I think it was for Android and browser level😂 ..
TLS/HTTpS aren't same?

Can you do a video on internet protection for game consoles like ps5

Other systems are weird.. on Linux Desktop its just so easy to have such a custom solution.
Locally host your own DNS and passthrough the rest, no problem.

Whats the point of using other DNS than from the VPN provider? I mean, they have all visited IPs anyways.

Adguard VPN would have solved your problems, btw a review on it would be amazing

Proton vpn actually does support doh and custom dns on x64 Linux but not arm or x86

How did you get android to work?

Doh with ivpn on windows doesn’t work for me

Can you comment on obfuscation protocols like trojan gfw or v2ray?

To know if this works with Safing would be interesting :o

Apparently Android DoH + ProtonVPN also works while leaving Netshield on.. at least in my case.

Great, now I have proton and ivpn too! lol

only the nextdns command line (cli) is open source. nextdns (the resolver) itself isn't.

Hi,
Could you look into the samsung cloud and Samsung secure folder security?

I use NORD and I’ve never been able to use my set piholes as my DNS. Breaks the internet.

I'm primarily using Android and NextDNS and Torguard and the private DNS route seems to work ok for me.

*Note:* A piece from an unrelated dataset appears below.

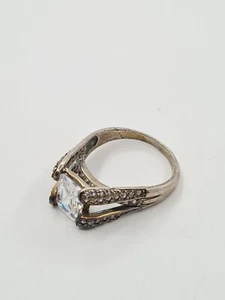 Anillo de compromiso ucraniano vintage plata 925 talla grande 9,3/19 mm. Con piedra grande - Imagen 1 de 15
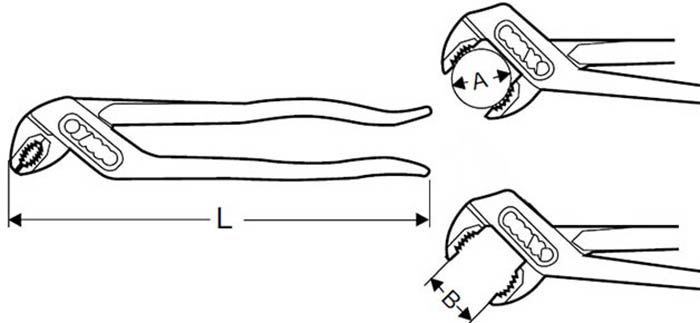 Сантехнические клещи 250 мм Orbis SpeedyPlus 178-250/20RR - схема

Why you never cover torguard

Next dns, it's just a point of exposure.

Too soon to mention Tailscale? 😅

This is ridiculous. I paid for all 3 services because of your last video. That is because I am a desktop service man so I needed many services. Now I have to cancel the contract and I have a court date with the big one.

Wevpn Seem to work 🤔

I Think nord also support it 😂😂

Don’t feel bad, documentation of products is bad even when companies are in good faith, not to even mention bad faith marketing..
For products that just say “works on iOS and android!” but doesn’t say WHAT works on both, it’s like don’t even bother with them.
If they can spend millions of dollars developing a product, yet more hundreds of thousands of dollars marketing it, and then not take the time to document it, fk em~
No sympathy. Don’t waste your time doing their jobs for them, let evolution take its course.

Nice lack of apology. Way to be mad at the viewers calling you out, versus being disappointed in yourself.